And as Ruppel Shell makes clear in a brisk, persuasive set of examples, a great many other price tags are deceptive as well. At the big discount stores, most discounts are applied to everyday necessities like toothpaste and lettuce. Brand-name clothing and appliances may be no bargain at all. “Wal-Mart actually has higher than average prices on about one-third of the stock it carries,” Ruppel Shell writes. “On those items for which prices are lower, the average savings is 37 cents, with about one-third of items carrying a savings of no more than 2 cents. The lower food prices, however, do impress a number of economists, who argue that the discounts benefit everyone by forcing down food prices all over town. “Even if you never shop at Wal-Mart, you are still better off with Wal-Mart nearby,” the M.I.T. economist Jerry Hausman told Ruppel Shell, and he judged that effect to be “the equivalent of 25 percent of food spending.” Yet his study compared only the cost — not the quality — of largely generic items. “How are consumers to know whether the lower price of chicken breasts at Wal-Mart” signifies “a good deal on a superior product or a bad deal on an inferior product?” Ruppel Shell wonders. Plainly it would be awkward to advise a struggling homemaker that she really ought to be spending more on her daughter’s new shoes, and Ruppel Shell doesn’t go that far. But she does show that the impact of rock-bottom prices on a stringent family budget is to some extent illusory. “Discounts don’t compensate for the staggering and rising costs of essentials — housing, education and health care,” she emphasizes.
Cheap chicken, cheap shirts, cheap sneakers — they’re all being paid for by somebody, even if it’s not the person taking them home.
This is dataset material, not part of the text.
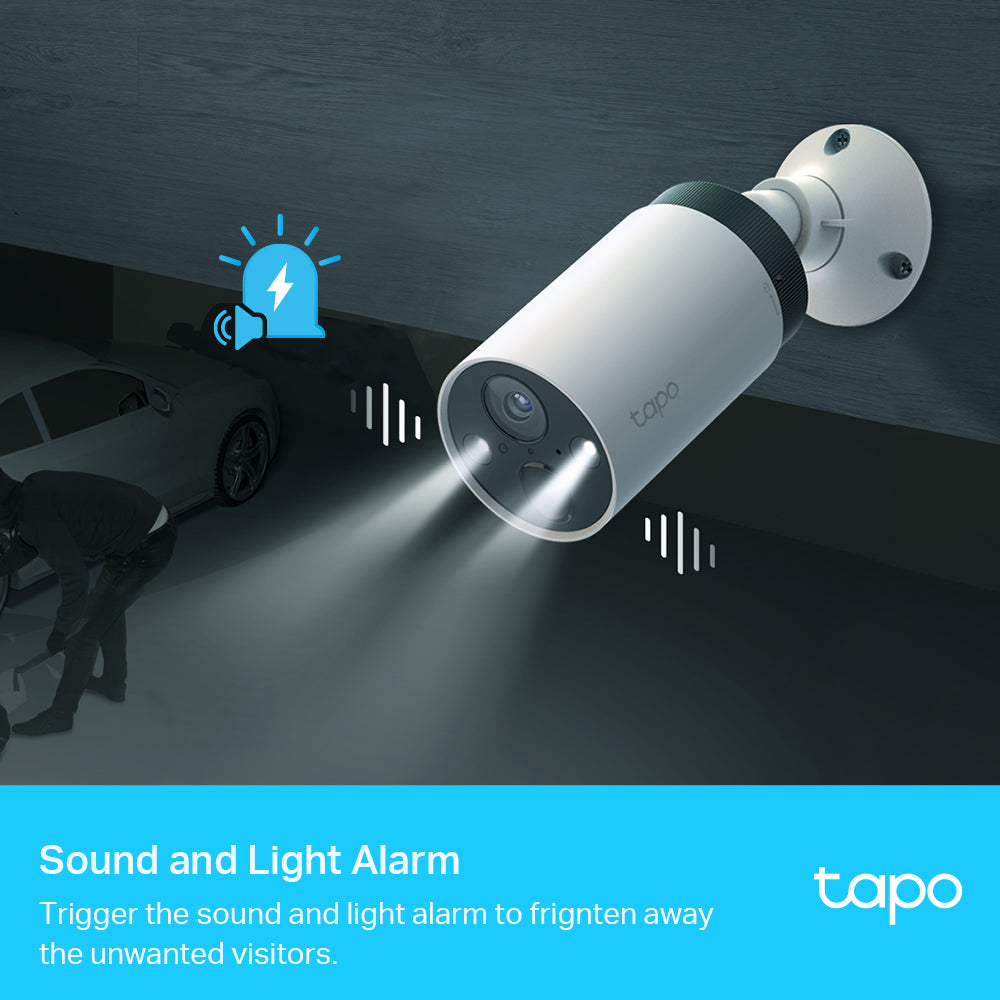 Tapo C420S2 Outdoor 2K Battery Wireless Security Camera System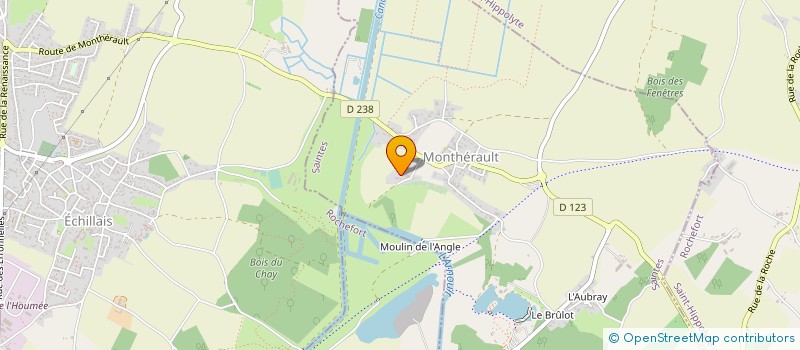 localisation de l'entreprise JULIE  TRIZAY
More than a third of the working poor, Ruppel Shell notes, have jobs in retail, where the annual mean wage for a department store “associate” is $18,280. That’s one reason we pay so little for those shirts and sneakers. We’re also being subsidized by a distant labor force we never see, the Chinese and Mexicans and Vietnamese who work under well-documented Dickensian conditions. As Ruppel Shell acknowledges, sweatshops represent a step up from the miserable rural poverty these young men and women left behind. But the workers themselves have no leverage to demand higher wages or more humane treatment, since manufacturers can go almost anywhere in the world to find a more compliant work force. Of course, American companies claim to investigate and audit their overseas factories, but most abuses are never uncovered. The local bosses are very good at hiding offenses and falsifying documents. “We lecture our kids on social responsibility and then buy them toys assembled by destitute child workers on some far-flung foreign shore,” Ruppel Shell writes. “Somehow the Age of Cheap has raised cognitive dissonance to a societal norm.”
Robert Pollin, an economist at the University of Massachusetts, told Ruppel Shell that raising the wages of a worker in Mexico by 30 percent would add only 1.2 percent to the price of a shirt — that’s 24 cents on a $20 shirt. Most companies won’t hear of it. Cost-cutting is the only value they recognize, in part because profit margins are so narrow that companies can’t afford to compete on any basis except ever-lower prices. An American dream once fueled by ideas and entrepreneurship has been reduced to laying off workers and reducing risk. “When prices are kept too low, innovation is nearly impossible,” the Harvard economist Robert Lawrence told Ruppel Shell. Apparently we’re not even building better mousetraps anymore — just cheaper ones.
Ruppel Shell doesn’t conclude with any grand ideas for reshaping the world’s economy, though she praises Wegmans and Costco, arguing that they manage to thrive without doing a lot of damage. But she doesn’t need to formulate grand ideas here. She’s delivered something much more valuable: a first-rate job of reporting and analysis. Pay full price for this book, if you can stand to. It’s worth it.